Whether watching a film at the cinema or binge-watching a series on Netflix, you’ve probably tried to guess how the story ends. Our ability to make predictions extends beyond our TV habits: think of how we correctly step out of the way of an oncoming pedestrian, or how tennis players estimate the direction of the ball from their opponent’s movements.
While recognizing and reacting to the various future actions of other humans and objects before they happen comes naturally to us, teaching computers to do so is not as simple. However, this ability, also known as action anticipation, is critical for technologies that are involved in human-machine interactions such as virtual assistants and self-driving cars.
“Action anticipation models should be able to account for future uncertainties.
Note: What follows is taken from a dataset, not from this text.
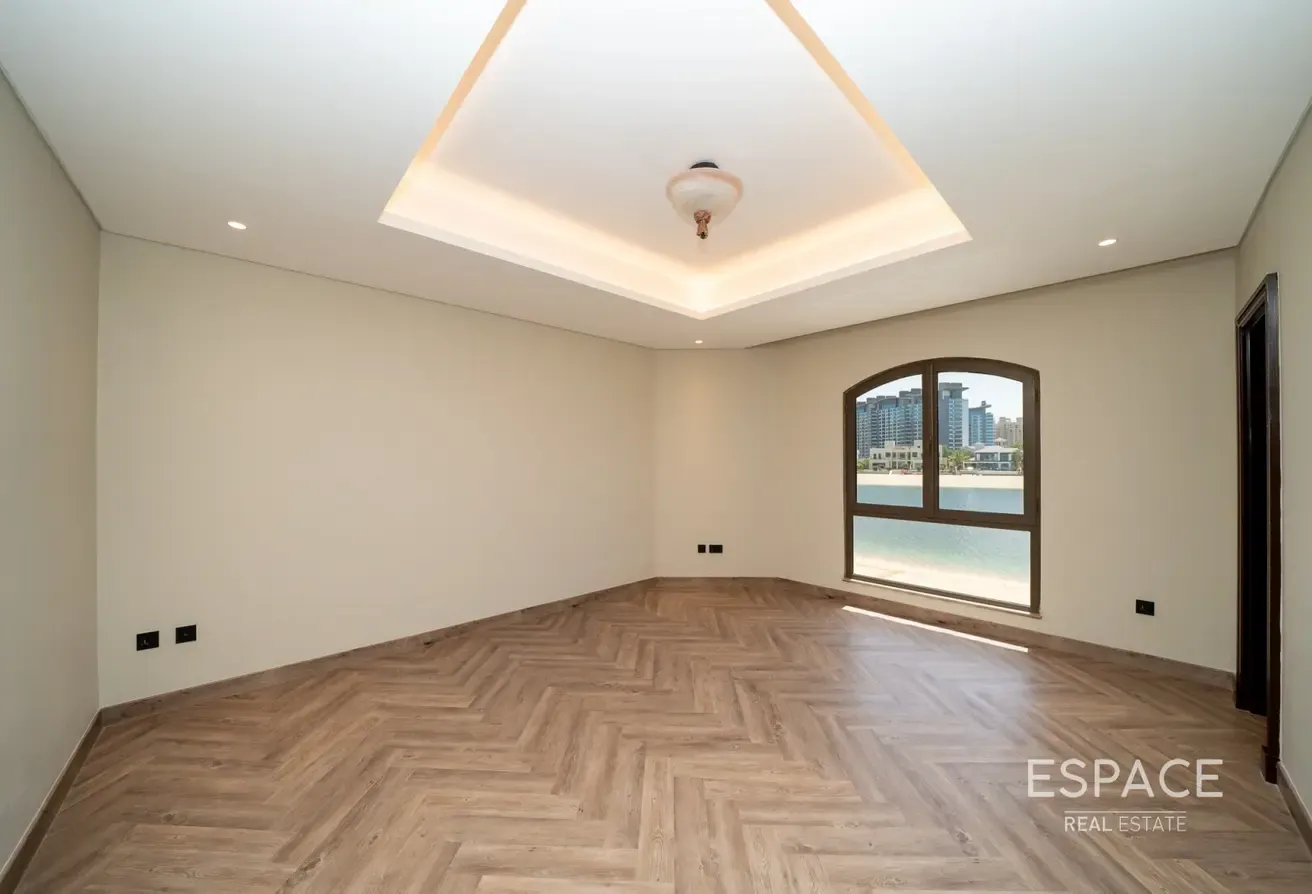 Unfurnished | High Number | Skyline Views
For the same observations, there are numerous plausible futures and these models should be able to predict all of them accurately,” said Basura Fernando, a scientist at A*STAR’s Institute of High Performance Computing (IHPC) and recipient of an A*STAR scholarship.
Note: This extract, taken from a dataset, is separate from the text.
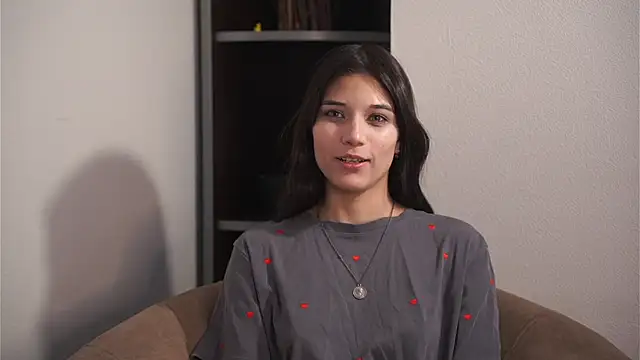 Snapshot of CaroylnPaiva chatting on February 26, 8:47 am CaroylnPaiva online show from February 26, 8:47 am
Together with Samitha Herath, Research Fellow at Monash University in Australia, Fernando developed a framework for an action anticipation model that correlates past observations with future actions and then uses these correlations to extract predictions from current observations. Although the concept of linking past and future is not new, the researchers’ framework incorporates algorithms that maximize the correlations and look for the strongest links between observed representations and future behaviors.
To achieve this, Fernando’s team developed new similarity measures, functions that quantify how related two objects are. For example, one function checks the similarity of cross-correlation properties between all features or dimensions, rather than just between the same features. Another evaluates the covariance of observed and future events in the data set, analyzing the relationship between their movements or trends.
“These similarity measures look at higher-order information within a vector space,” Fernando explained. “Correct similarity measures help ensure that the computer model learns effective representations of human behaviors through videos, allowing us to maximize the correlations.”
The researchers’ model was first trained using videos of various scenes, extracting correlation rules between the past and future events shown. When tested on another set of videos, their model was able to apply these correlations to predict future actions with higher accuracy than models using other similarity measures.
With even better algorithms in mind, the researchers aim to further research the theoretical properties of their new similarity measures and create a framework that covers risk calculations in action anticipation.
The A*STAR-affiliated researchers contributing to this research are from the Institute of High Performance Computing (IHPC).